Quand la CNAM assurera le leadership !
L’actuel scénario exige que ce soit la Cnam qui pilote, gère et régule tout le système de l’assurance maladie en Côte d’Ivoire. C’est la seule structure qui assurera le régime de base pour tous. L’accès aux consultations, examens de laboratoire, médicaments, hospitalisations, chirurgie (cas des urgences), etc. Mais les Ivoiriens doivent bien comprendre que tout n’est pas gratuit. On parle du système de capitation, le système de tiers-payant, le ticket modérateur (…). De plus, toutes les prestations ne sont pas couvertes : «La liste des affections, la nomenclature des actes de soins médicaux et chirurgicaux, ainsi que les médicaments couverts par la garantie sont définis par décret», précise l’article 7 de la loi instituant la CMU en Côte d’Ivoire. Il faut donc une bonne politique de sensibilisation et de communication sur ce que la CMU est en mesure de faire, ou pas.

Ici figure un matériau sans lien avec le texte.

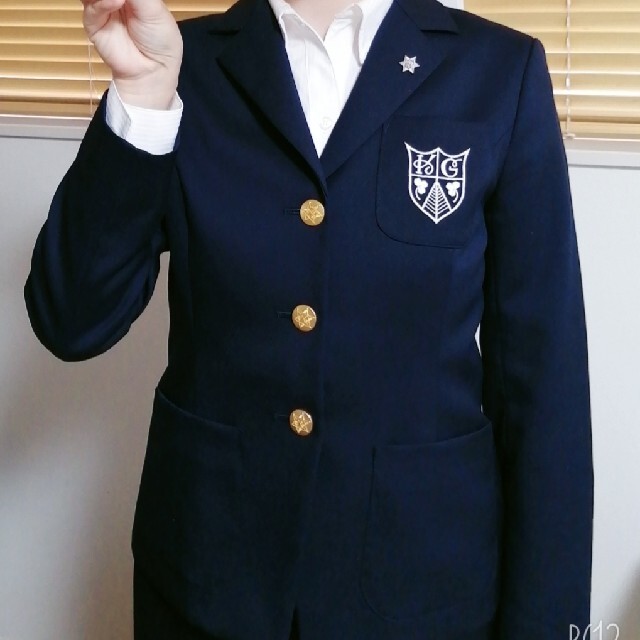 甲南女子大学 スーツ | valadarespediatria.com.br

Cela est très important pour éviter des murmures une foi la phase des prestations ouvertes. Raison pour laquelle toutes les caisses de prévoyance sociale, à savoir le Mugef-CI, la CGRAE, la CNPS, qui deviendront des Organismes de gestion déléguée (OGD), ont toute leur place. Elles offriront des régimes complémentaires à leurs adhérents sans ignorer les autres formes de prestations en matière de prévoyance sociale. Ces organismes continueront de collecter les souscriptions de leurs adhérents, pour reverser, les parts dues la CNAM en vue de jouer sa partition. Les cotisations mensuelles, fixées à 1 000 FCFA par individu, seront indirectement prélevés. Ainsi, la Caisse nationale d’assurance-maladie assurera le leadership. Voici l’option prise par les autorités ivoiriennes pour faire en sorte que 17% de la population soit couvert dès la première année et porter ce ratio à 40 % d’ici à 2025.

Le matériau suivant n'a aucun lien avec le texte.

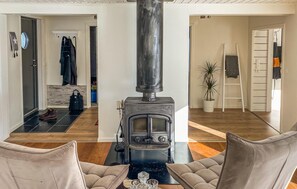 Innenbereich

AMU et CMU : similitude ou différence ?
Entre le régime de l’Assurance maladie universelle (AMU), prôné par les refondateurs et qui n’a pu avoir de dénouement, et l’actuel système de Couverture maladie universelle (CMU), pas de différence fondamentale, car le principe reste le même. Celui d’offrir à un plus grand nombre de personnes un accès plus aisé à des soins de santé, en cas de maladie. D’une ère à une autre, l’universalité de la couverture maladie est ce qui prime. Il s’agit d’améliorer le cadre de vie des populations, sous la contrainte de la pauvreté qui atteint un Ivoirien sur deux, en passant par un dispositif de prévoyance sociale. La différence se trouve dans les stratégies déployées. Pendant que l’AMU prévoyait la mise en place de trois structures distinctes (les agriculteurs, les acteurs des secteurs formels – public et privé – et les autres), la CMU prend l’option d’une caisse unifiée pour gérer tout le dispositif.